Atom Probe Tomography — At the Frontiers of Materials Science
Jon Hyde, Oxford University and National Nuclear Laboratory
Venue: BAWA Filton
Wednesday October 28, 2009 at 19:30
Materials science relates the properties and performance of a material to the structure of the atoms and phases in that material through characterization. Progress has been driven by enormous developments in microscopy and has helped us understand the root causes for many catastrophic engineering failures such as those of the Liberty ships and the de Havilland Comet.

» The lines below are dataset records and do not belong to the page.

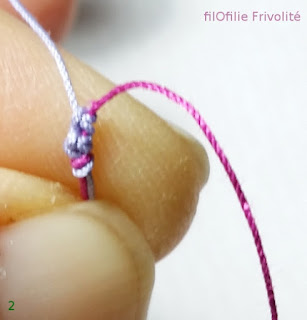Comment réaliser un anneau fendu (ou split-ring) en frivolité, dentelle aux navettes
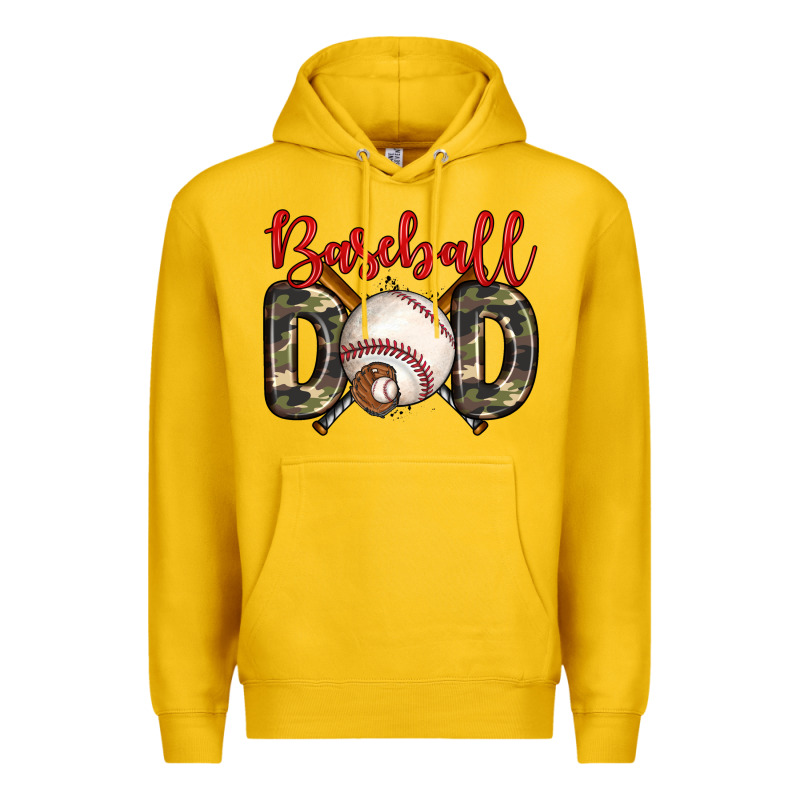 Baseball Dad Premium Hoodie by Zillion Design Studio | Teevron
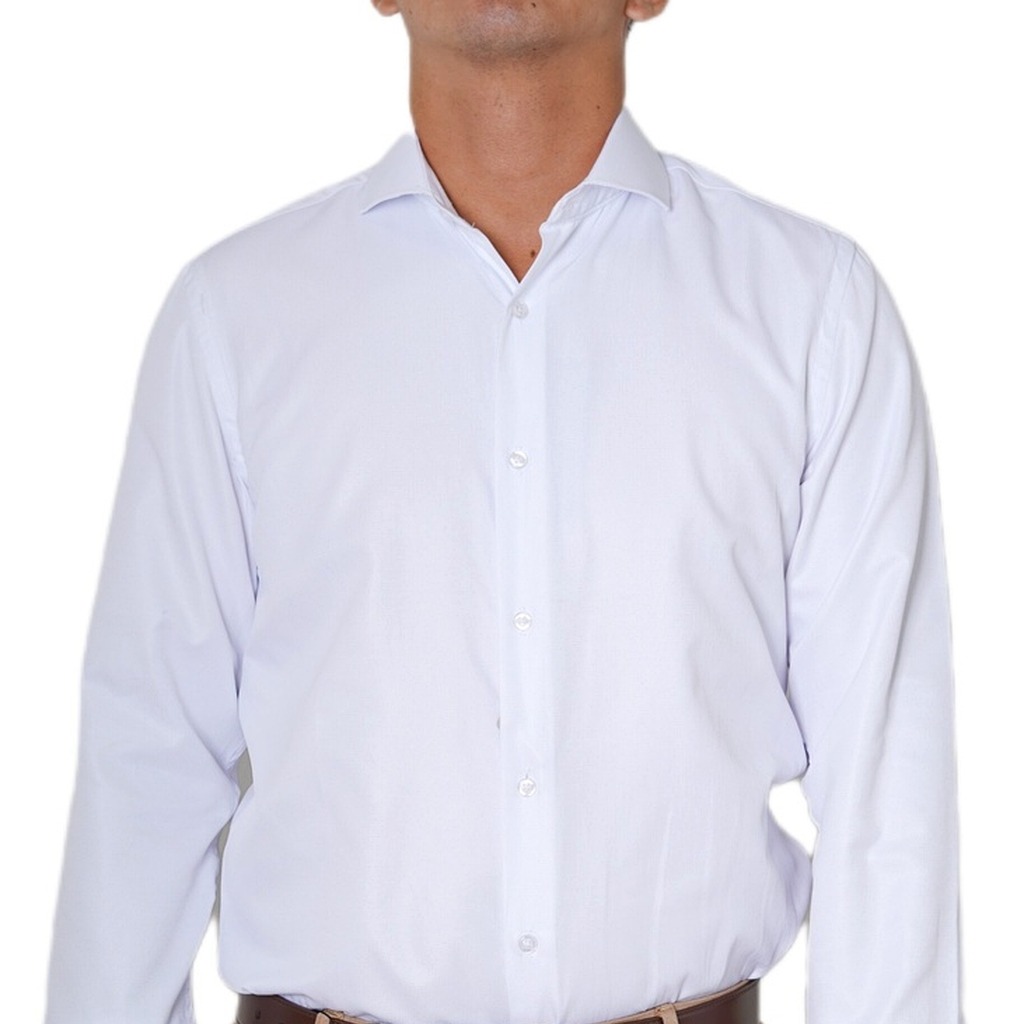 [HD42-B116-14.5-S1] Camisa Bruno Cassini Puño Sencillo Blanco Modelo Hd42-b116 (14.5, S1 - 32/33)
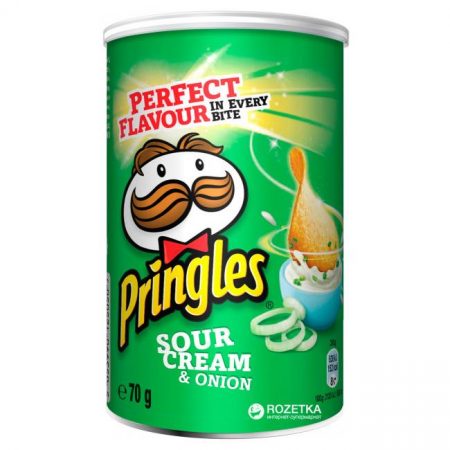 Чипсы Pringles сметана-лук 70 г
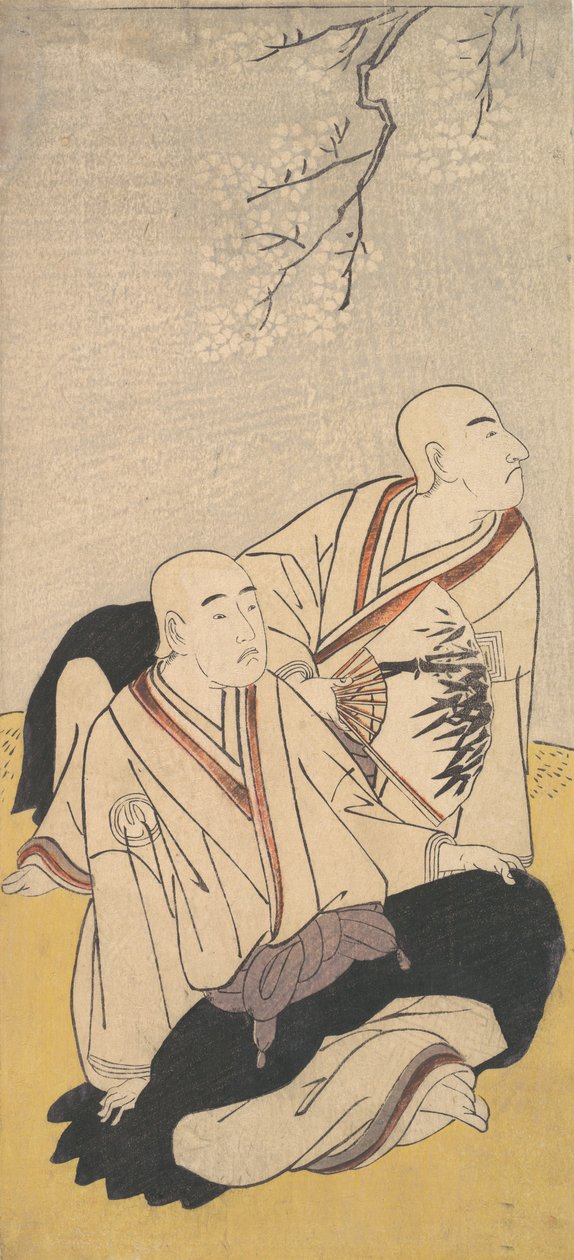 O Terceiro Sawamura Sojuro e o Segundo Ichikawa Monnosuke como monges budistas, 1791. de Shunsho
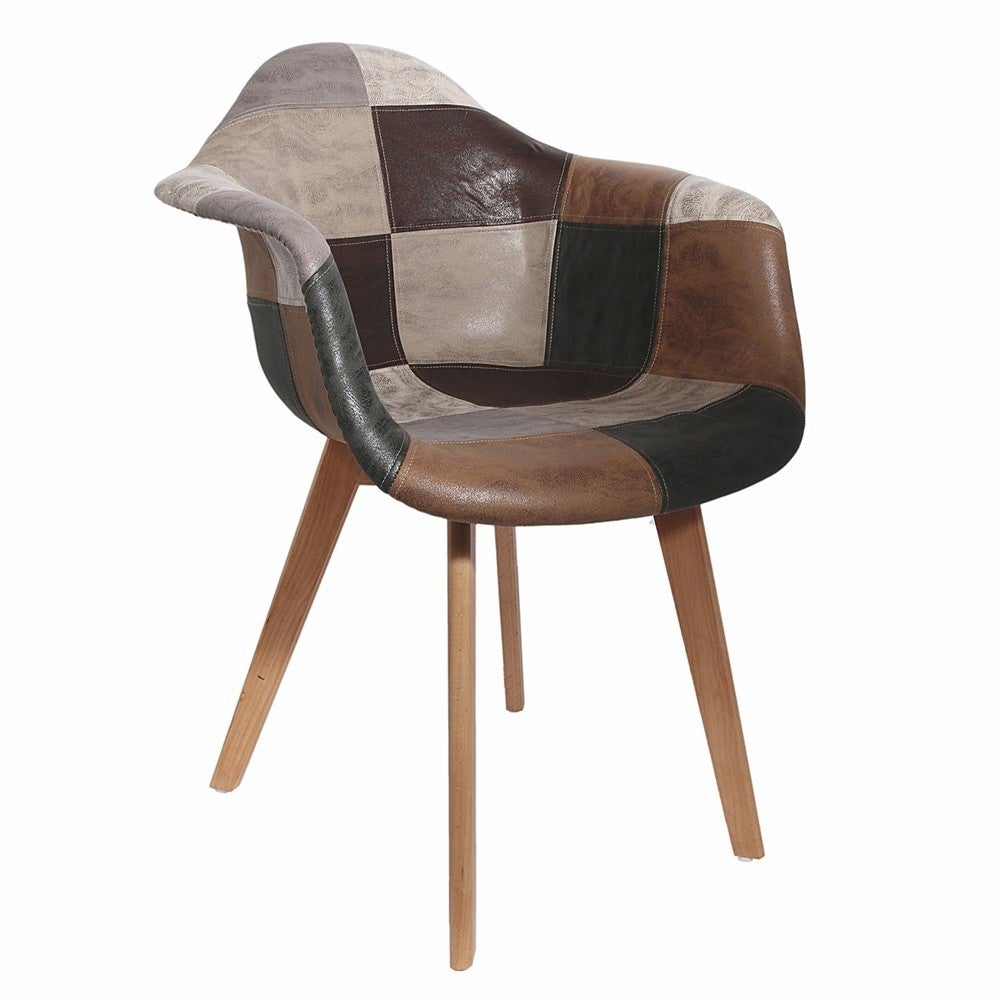 Fauteuil Scandinave Patchwork Gris Leroy Merlin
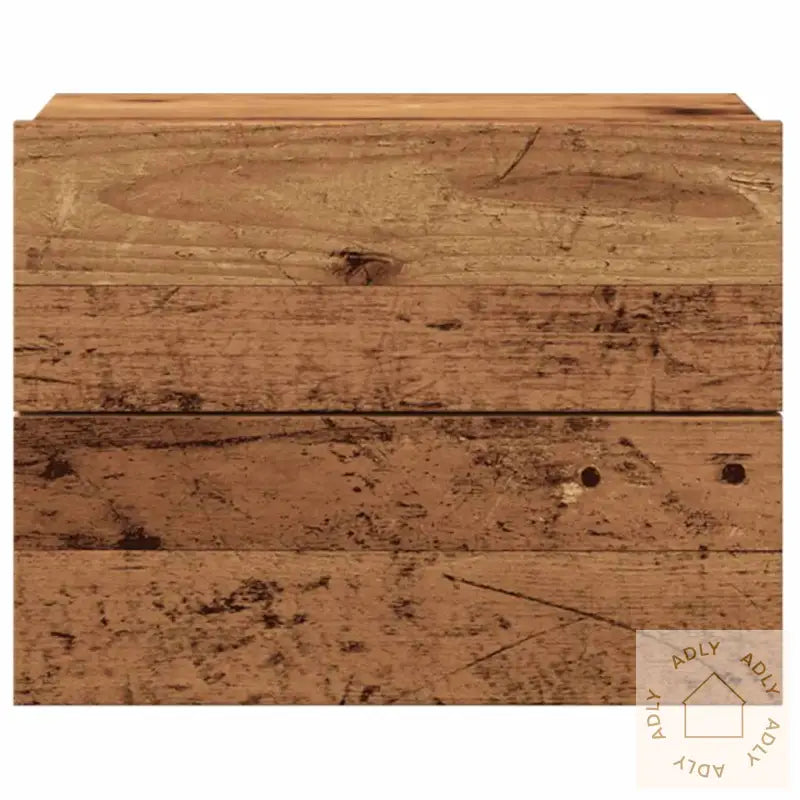 Veggmontert Nattbord Gammelt Tre 40X32X30 Cm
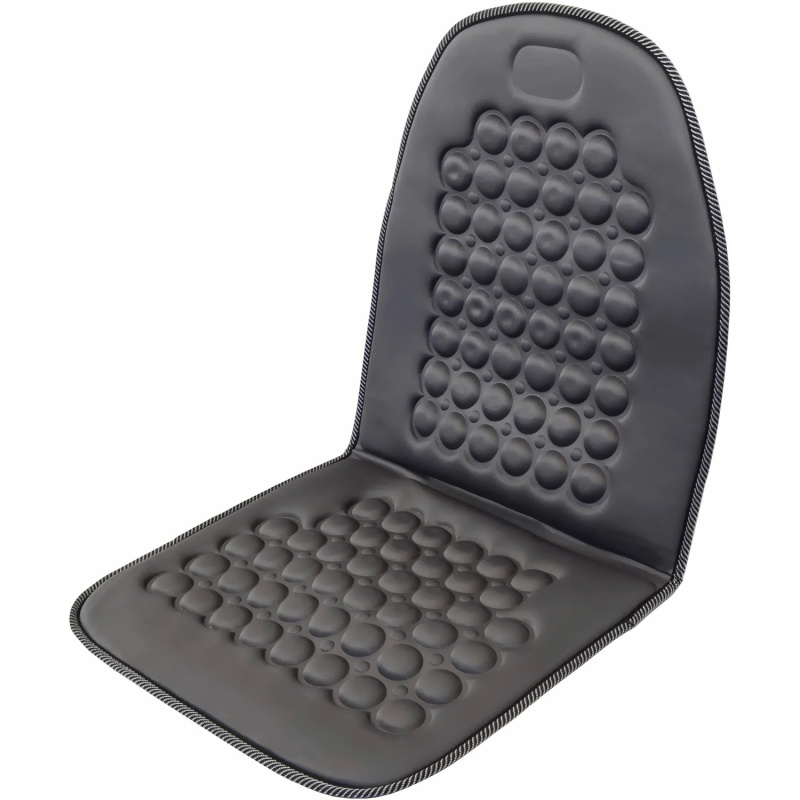 Compass Potah sedadla masážní s magnety šedý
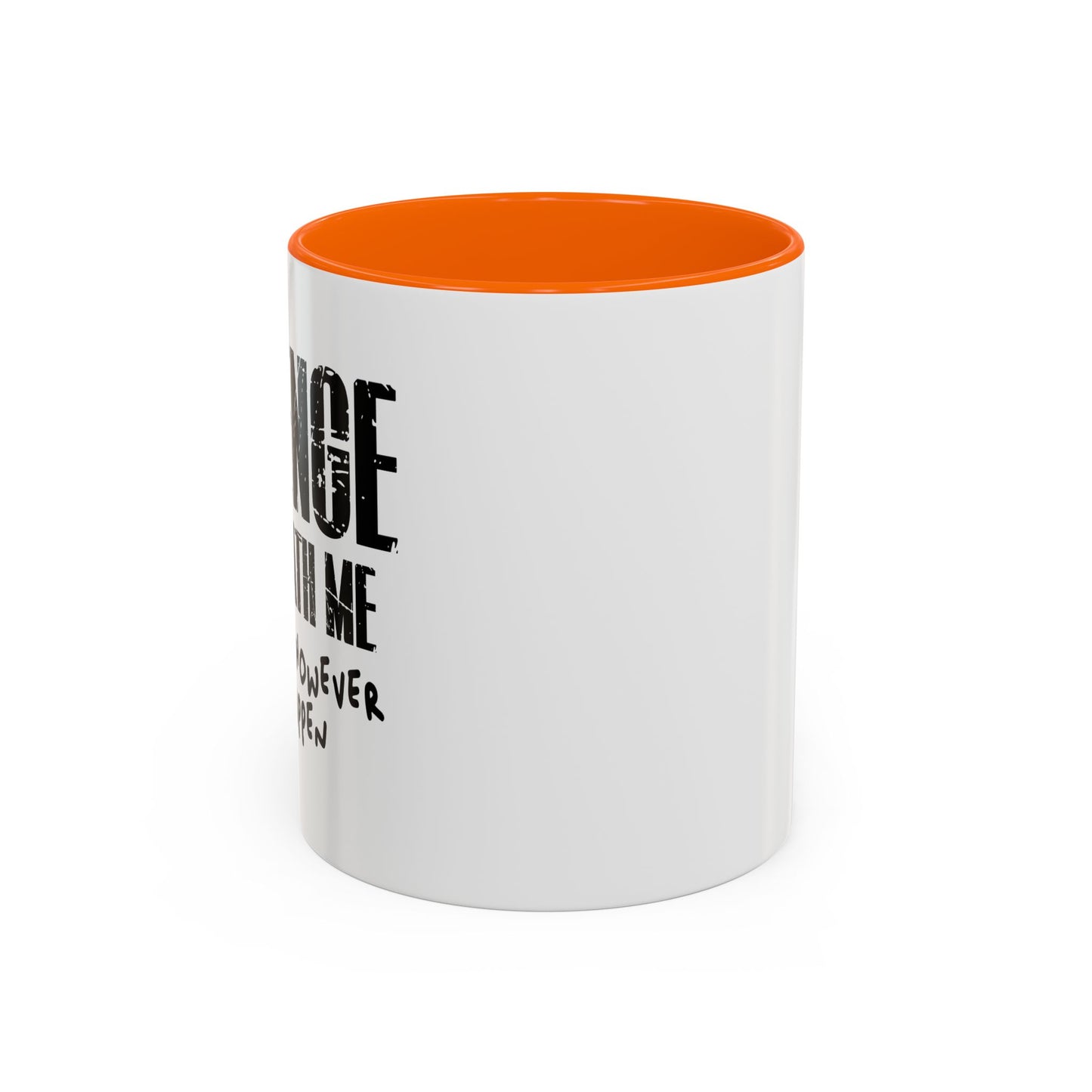 REVENGE IS BENEATH ME Accent BiColor Funny Sarcastic Mug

More recently, there has been a surge of interest in the field of Atom Probe Tomography which enables the structure of many engineering materials to be pulled apart atom-by-atom and reconstructed in 3D (in a computer) with sub-nanometre resolution. Applications include:
- Understanding the root causes of nuclear reactor pressure vessel embrittlement
- Development of new alloys for fusion reactors
- Development of ultra-high strength maraging steels
- Characterizing thin films — for instance materials exhibiting giant magneto resistance for next generation hard disk drives
- The study of catalyst surfaces
The presentation will include an overview of the atom probe technique and some key results. As Sherlock Holmes once said:
'The little things are infinitely the most important.'
|Clustering of copper atoms in a commercial weld alloy|
Nanometre-scale copper-enriched clusters have formed during thermal aging. Each sphere represents a single copper atom.